Carcere di Torino, un altro suicidio. Impiccato un detenuto da poco dimesso dalla sezione psichiatrica
Si tratta di Angelo Libero, 44 anni.
Angelo Libero aveva 44 anni ed era un uomo fragile. Ieri si è tolto la vita nel carcere Lorusso e Cutugno di Torino impiccandosi con un cappio rudimentale legato al letto a castello della sua cella nel padiglione B. Una morte atroce che neppure l’intervento della polizia penitenziaria è riuscito a evitare. Si tratta del secondo suicidio in due settimane fa, dopo quello di Grazia Orlarey, 52 anni, che si era impiccata nella sezione femminile a poche settimane dalla sua scarcerazione.
Due storie molto diverse quelle di Angelo e Graziana, accumunate da un tragico destino. Anche Angelo avrebbe lasciato molto presto la casa circondariale delle Vallette. Doveva scontare una pena di un anno e un mese di reclusione per omicidio stradale e inizialmente aveva ottenuto gli arresti domiciliari. Quel lungo periodo di isolamento, però, ha riportato a galla vecchi fantasmi e antiche fragilità che sembravano sopite. Angelo, che lavorava con il padre in un’azienda di verniciatura, non ha rispettato le prescrizioni dell’autorità giudiziaria e per lui si sono spalancate le porte del carcere. Da febbraio, però, era in attesa di essere collocato in una comunità esterna e, in ogni caso, a ottobre sarebbe tornato a essere libero.

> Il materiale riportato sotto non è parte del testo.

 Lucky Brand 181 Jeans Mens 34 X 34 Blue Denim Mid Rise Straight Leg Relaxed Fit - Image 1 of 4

«L’ho incontrato la scorsa settimana e domani sarei andato a trovarlo per comunicargli che finalmente una comunità aveva dato la disponibilità a ospitarlo. Purtroppo non ho fatto in tempo — racconta commosso il suo difensore, l’avvocato Pier Lorenzo Tavella —. Gli operatori lo avrebbero incontrato la prossima settimana per un colloquio e ad agosto, con ogni probabilità, sarebbe uscito. Era una persona che non doveva stare in carcere».

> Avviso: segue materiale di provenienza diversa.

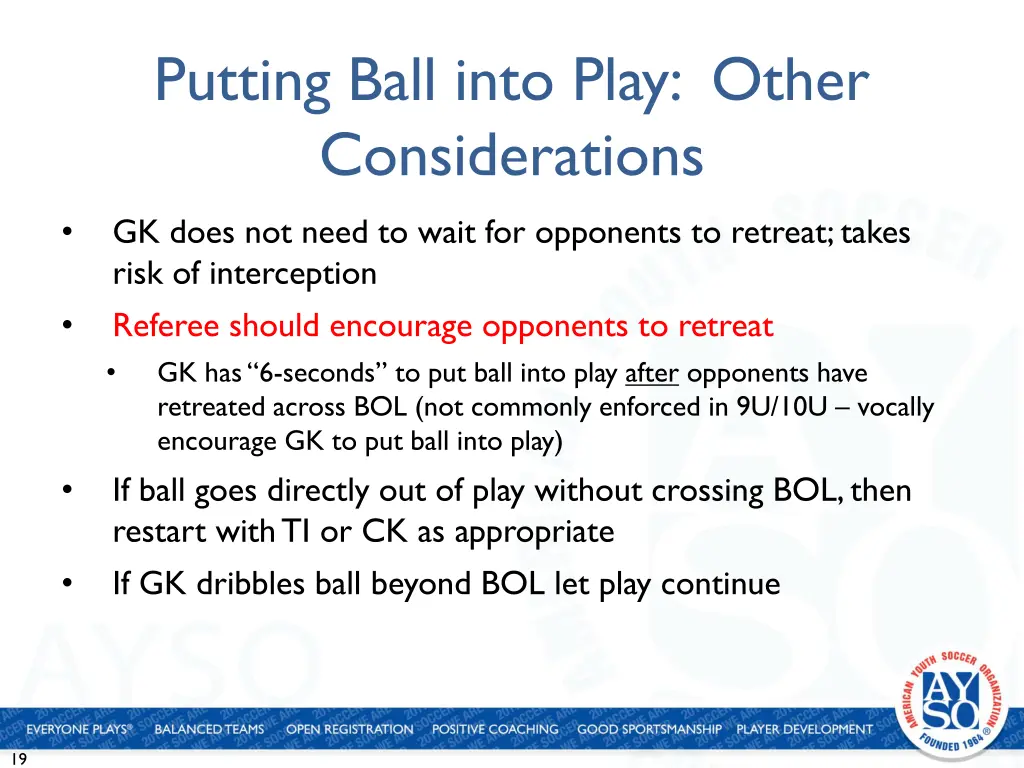 putting ball into play other considerations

Quelli di Graziana e Angelo sono i primi due sucidi dell’anno che si aggiungono ai 4 del 2022, il numero più alto registrato in una struttura penitenziaria italiana se si esclude il carcere di Foggia.

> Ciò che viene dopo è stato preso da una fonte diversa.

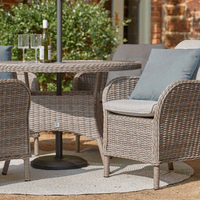 KARLA 4 SEAT DINING SET AND DELUXE 2.5M PARASOL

Numeri che devono indurre a una riflessione, come sottolinea il garante regionale delle persone sottoposte a misure restrittive della libertà Bruno Mellano: «Sicuramente quest’ultimo atto disperato e drammatico deve interrogare le istituzioni politiche, a cominciare dalla Regione, in quanto responsabile dell’autorità penitenziaria. Lunedì ci sarà la visita in carcere della commissione Sanità, che arriva al termine di un lavoro iniziato a marzo. E credo sia giunto il momento di tradurre la conoscenza del problema in atti e decisioni politiche. Occorre un incontro fra il presidente Alberto Cirio e l’amministrazione penitenziaria per trovare una soluzione. Che non si trovi una comunità per un detenuto che aspetta da mesi una ricollocazione non è accettabile. Lo dico da anni, ma purtroppo non cambia nulla».